━━━ DATA UNDER STUDY
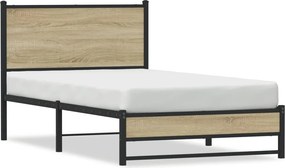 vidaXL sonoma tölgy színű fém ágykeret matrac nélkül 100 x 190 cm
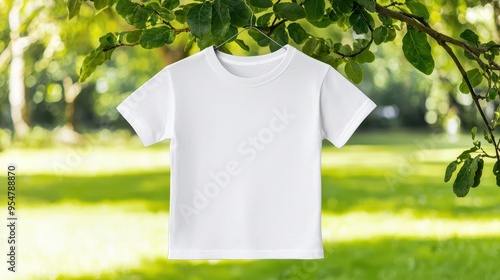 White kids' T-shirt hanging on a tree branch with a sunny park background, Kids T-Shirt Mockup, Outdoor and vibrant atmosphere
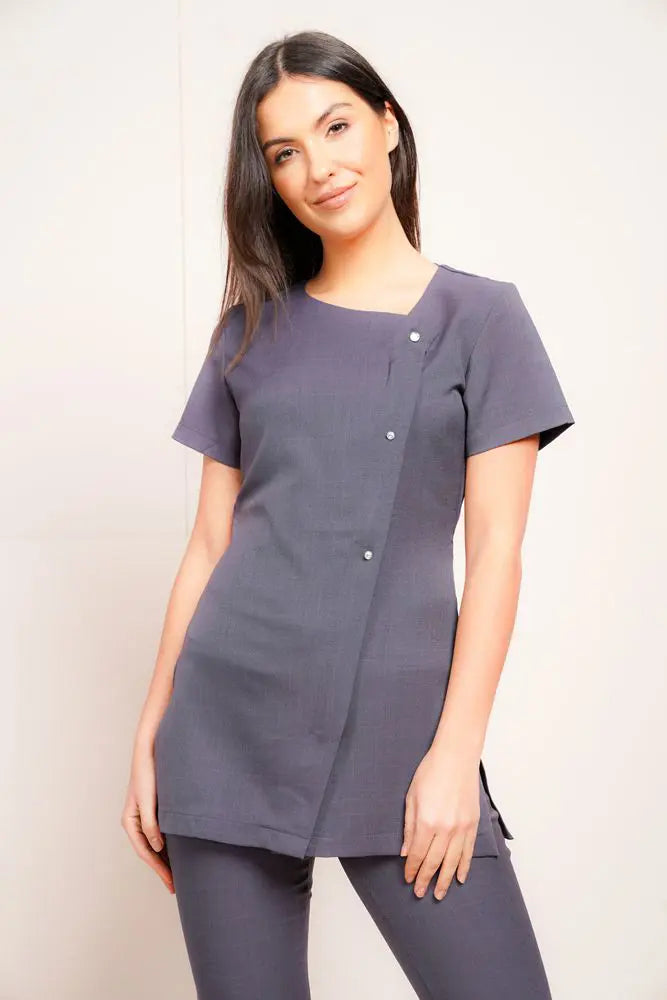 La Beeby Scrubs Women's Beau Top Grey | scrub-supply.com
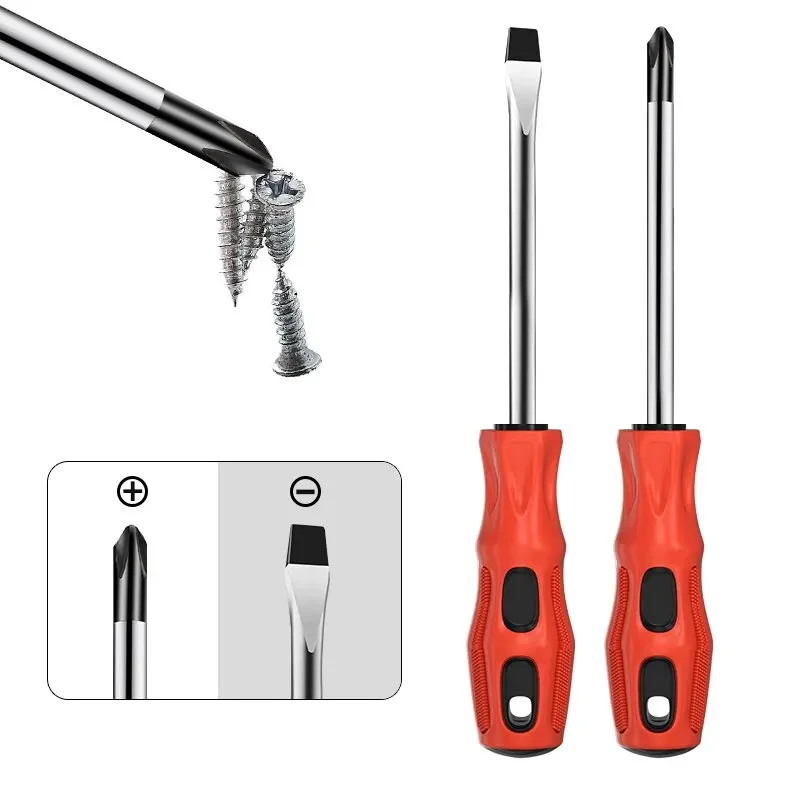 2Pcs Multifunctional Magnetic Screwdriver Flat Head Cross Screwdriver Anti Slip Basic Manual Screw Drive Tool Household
━━━━━━
━━━ DATA UNDER STUDY
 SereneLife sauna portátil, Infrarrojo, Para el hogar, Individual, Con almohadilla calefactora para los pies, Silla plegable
━━━━━━
Could you transcribe exactly the entries above, but only the lines from the one with "vidaXL sonoma tölgy" through the one with "2Pcs Multifunctional Magnetic", and without pictures?

EXPECTED ANSWER >>
 vidaXL sonoma tölgy színű fém ágykeret matrac nélkül 100 x 190 cm
 White kids' T-shirt hanging on a tree branch with a sunny park background, Kids T-Shirt Mockup, Outdoor and vibrant atmosphere
 La Beeby Scrubs Women's Beau Top Grey | scrub-supply.com
 2Pcs Multifunctional Magnetic Screwdriver Flat Head Cross Screwdriver Anti Slip Basic Manual Screw Drive Tool Household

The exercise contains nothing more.